Data for review START

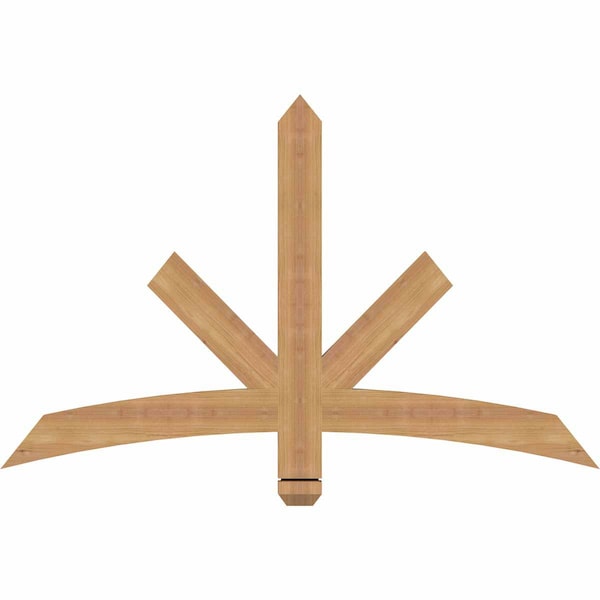 Ekena Millwork Alberta Smooth Timber Gable Bracket, Western Red Cedar, 48"W x 30"H x 1 1/2"D x 3 1/2"F, 15/12 Pitch GBW048X30X0204ALB00SWR - main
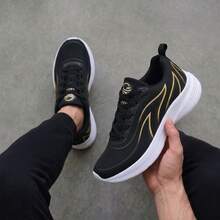 Men's Weightlifting Shoes: Soft And Lightweight Shoes + Men's Short Socks - 黑金 - 查看 6
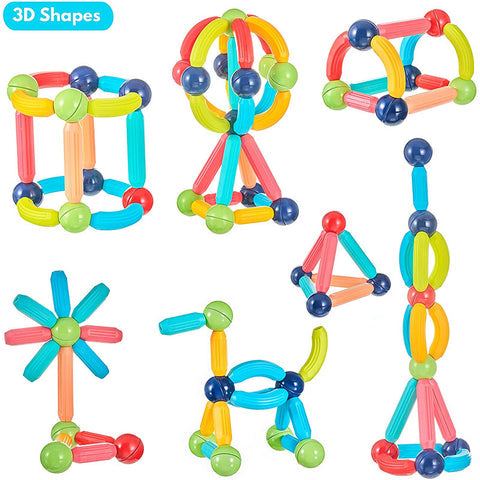 Magnetic Sticks Building Blocks Learning Toy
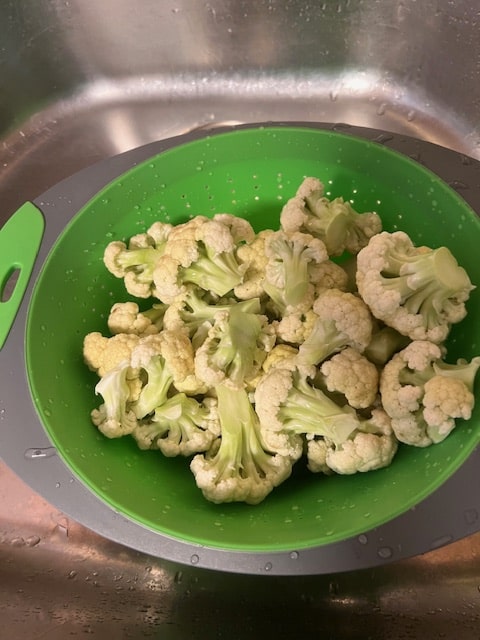 drain cauliflower well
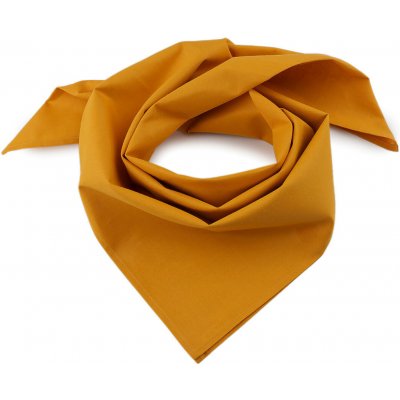 Bavlněný šátek jednobarevný 78 hořčicová – Zboží Dáma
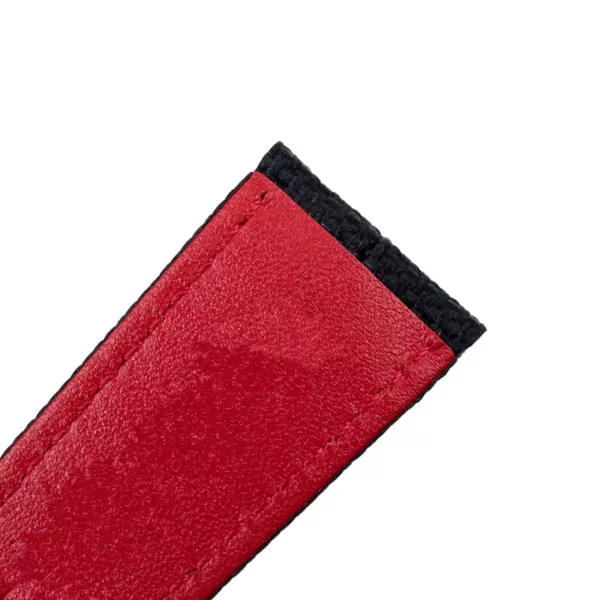22-mm-watch-accessories-high-density-nylo_description-8 Black & Red Strap for TAG Heuer Aquaracer, Carrera, Monaco in Nylon Double Stitching - 22mm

Data for review END

Task item: All of the lines above must be repeated without alteration, though the pictures are to be excluded.

Task answer:
 Ekena Millwork Alberta Smooth Timber Gable Bracket, Western Red Cedar, 48"W x 30"H x 1 1/2"D x 3 1/2"F, 15/12 Pitch GBW048X30X0204ALB00SWR - main
 Men's Weightlifting Shoes: Soft And Lightweight Shoes + Men's Short Socks - 黑金 - 查看 6
 Magnetic Sticks Building Blocks Learning Toy
 drain cauliflower well
 Bavlněný šátek jednobarevný 78 hořčicová – Zboží Dáma
22-mm-watch-accessories-high-density-nylo_description-8 Black & Red Strap for TAG Heuer Aquaracer, Carrera, Monaco in Nylon Double Stitching - 22mm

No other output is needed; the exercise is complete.